The average age of diagnosis is late 50’s to early 60’s. However, it can and does occur in females of ALL ages, races, and ethnicities.

Several types of “ovarian” cancer exist and are named after the cell type they start in.

  • Epithelial is the most common ovarian cancer and starts on the surface of the ovaries.
  • Germ Cell is rare and originates in the reproductive (egg) cells of the ovaries.
  • Stromal Cell is very rare and originates in the connective tissue that holds an ovary together.
  • Small Cell is extremely rare, and it is not certain if the cells are from epithelial, germ, or stromal cells.

While these are all called ovarian cancer, they are each unique in terms of where they originate, cell structure, treatment, and prognosis.

Ovarian Cancer Risks

  • Increase in age
  • Having children later in life
  • Taking hormone therapy after menopause
  • Having a family history of ovarian cancer, breast cancer, or colorectal cancer
  • Ashkenazi Jewish descent
  • BRCA1/BRCA2 gene mutation, Lynch Syndrome
  • Using fertility treatment
  • Smoking

Reduce the Risk of Ovarian Cancer

  • Removal of the ovaries
  • Birth control (Oral contraceptives)
  • Pregnancy and breastfeeding

Ovarian Cancer Symptoms – Most Common

Ovarian cancer does have symptoms. They can be very subtle and easily attributed to other common ailments. These symptoms are more likely to appear when the cancer has spread and is in a later stage.

  • Bloating
  • Pelvic or abdominal pain
  • Trouble eating or feeling full quickly
  • Urinary frequency and/or urgency

These symptoms are more likely to be caused by other conditions, and most of them occur just about as often in women who don’t have ovarian cancer. However, if they are abnormal, for you, and frequent (over a two week or more period), or persistent (more than 12 times a month) see your doctor so the problem can be found and treated if necessary.

Ovarian Cancer Symptoms – Other

Several other symptoms have been commonly reported by those with ovarian cancer. However, these other symptoms are not as useful in identifying ovarian cancer because they are also found in equal frequency in the general population who do not have ovarian cancer.

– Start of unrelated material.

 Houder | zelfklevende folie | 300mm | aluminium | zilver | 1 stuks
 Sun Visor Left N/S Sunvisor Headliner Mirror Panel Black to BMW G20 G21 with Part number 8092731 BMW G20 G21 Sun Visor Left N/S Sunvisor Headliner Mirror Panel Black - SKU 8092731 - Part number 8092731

  • Fatigue, extreme exhaustion
  • Indigestion
  • Upset stomach
  • Back pain
  • Menstrual changes
  • Pain with intercourse
  • Constipation
  • Abdominal swelling with weight loss

Ovarian Cancer Detection

Currently no reliable screening or early detection tests exist for ovarian cancer. The Pap test does not test for ovarian cancer; it screens for cervical cancer.

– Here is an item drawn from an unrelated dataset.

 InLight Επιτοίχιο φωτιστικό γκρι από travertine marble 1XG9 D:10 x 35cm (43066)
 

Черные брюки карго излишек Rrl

Your doctor may perform a:

  • Vaginal/rectal exam
  • Transvaginal or pelvic ultrasound,
  • CT scan
  • CA-125 blood test – The CA-125 blood test measures the amount of a specific protein called cancer antigen 125, or CA-125, in a person’s blood. Elevated CA-125 levels may suggest ovarian cancer, but they can also be caused by many benign conditions.

These tests, individually, may not provide sufficient information. They are most effective when used with each other.

If ovarian cancer is suspected get referred to a gynecologic oncologist as soon as possible. Studies have shown that patients diagnosed with ovarian cancer generally have a better likelihood of prolonged survival if treated by a gynecologic oncologist.